Logo, a renúncia de Cunha ao comando da Câmara é vista como a última cartada do peemedebista para conseguir a “solidariedade” dos colegas. Ele ainda tenta emplacar na Comissão de Constituição e Justiça (CCJ) recursos contra o pedido de cassação, aprovado pelo Conselho de Ética. Se perder o mandato, o peemedebista fica inelegível por oito anos e – mais grave – perde o foro privilegiado, o que leva as investigações contra ele na Lava Jato para as mãos do juiz federal Sérgio Moro, a exemplo do que já ocorre com a mulher e a filha do deputado.
A investida de Cunha na CCJ visa anular a aprovação de seu pedido de cassação e devolver o processo ao Conselho de Ética. O colegiado é formado por 66 deputados e, para que seu pleito seja atendido, ele precisa do aval de 34 congressistas – número que, até antes da renúncia, aliados diziam que ele não tinha. Alguns deputados aguardavam o último gesto do peemedebista para definir seu voto. A CCJ vai se reunir na próxima segunda-feira para votar o parecer do deputado Ronaldo Fonseca (Pros-DF), aliado de Cunha que defendeu que o processo retorne ao Conselho de Ética.
Sucessor – A renúncia de Cunha não significa que ele sai de cena do comando da Câmara dos Deputados. A vacância da cadeira abre caminho para a convocação de novas eleições em até cinco sessões, de modo a tirar o deputado Waldir Maranhão (PP-MA) do posto. Nos bastidores, aponta-se para um acordo entre Cunha, o Planalto e parlamentares do chamado “centrão” para eleger o líder do PSD, Rogério Rosso (PSD-DF), ex-presidente da comissão do impeachment e aliado de Cunha. Questionado pelo site de VEJA, o parlamentar do DF evitou tratar do acordo. Disse apenas ser possível a realização de novas eleições antes do recesso, que terá início no dia 18 de julho. “No caso de Aldo Rebelo, demorou apenas dois dias”, afirmou Rosso, referindo-se à renúncia de Severino Cavalcanti em 2005, quando Rebelo assumiu o posto.

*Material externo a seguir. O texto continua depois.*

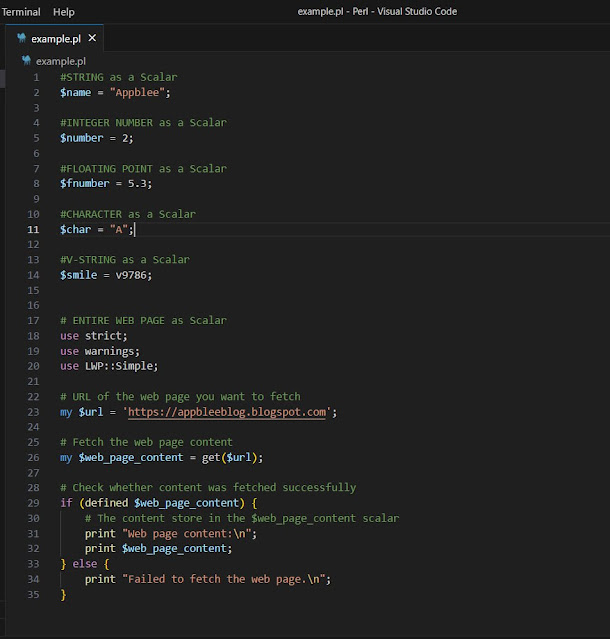 examples for scalar types in Perl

Aliado de primeira hora de Eduardo Cunha, o deputado Carlos Marun, que defendia abertamente que o peemedebista deixasse o cargo de cúpula na Câmara, disse que a renúncia consolidada “era o melhor a fazer”. Segundo ele, o anúncio nesta quinta-feira permite que uma nova eleição seja feita nos primeiros dias da próxima semana. “A renúncia acontece hoje para que haja tempo hábil para eleição nos primeiros dias na próxima semana, até na segunda-feira”, disse.

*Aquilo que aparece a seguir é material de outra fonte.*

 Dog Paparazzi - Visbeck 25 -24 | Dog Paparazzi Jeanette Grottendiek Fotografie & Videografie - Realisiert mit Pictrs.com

STF – Com a renúncia, os processos da Operação Lava Jato a que o deputado responde serão deslocados para a Segunda Turma do Supremo Tribunal Federal (STF), colegiado formado por cinco ministros e responsável por julgar autoridades com foro privilegiado investigadas no escândalo do petrolão. Ao contrário do que ocorre no Plenário do Supremo, neste colegiado, os julgamentos não são televisionados e bastam três votos dos cinco possíveis para que o parlamentar seja condenado. A Segunda Turma é presidida pelo ministro Gilmar Mendes, a quem cabe pautar, em acordo com os demais ministros – Teori Zavascki, Cármen Lúcia, Celso de Mello e Dias Toffoli – os processos para julgamento.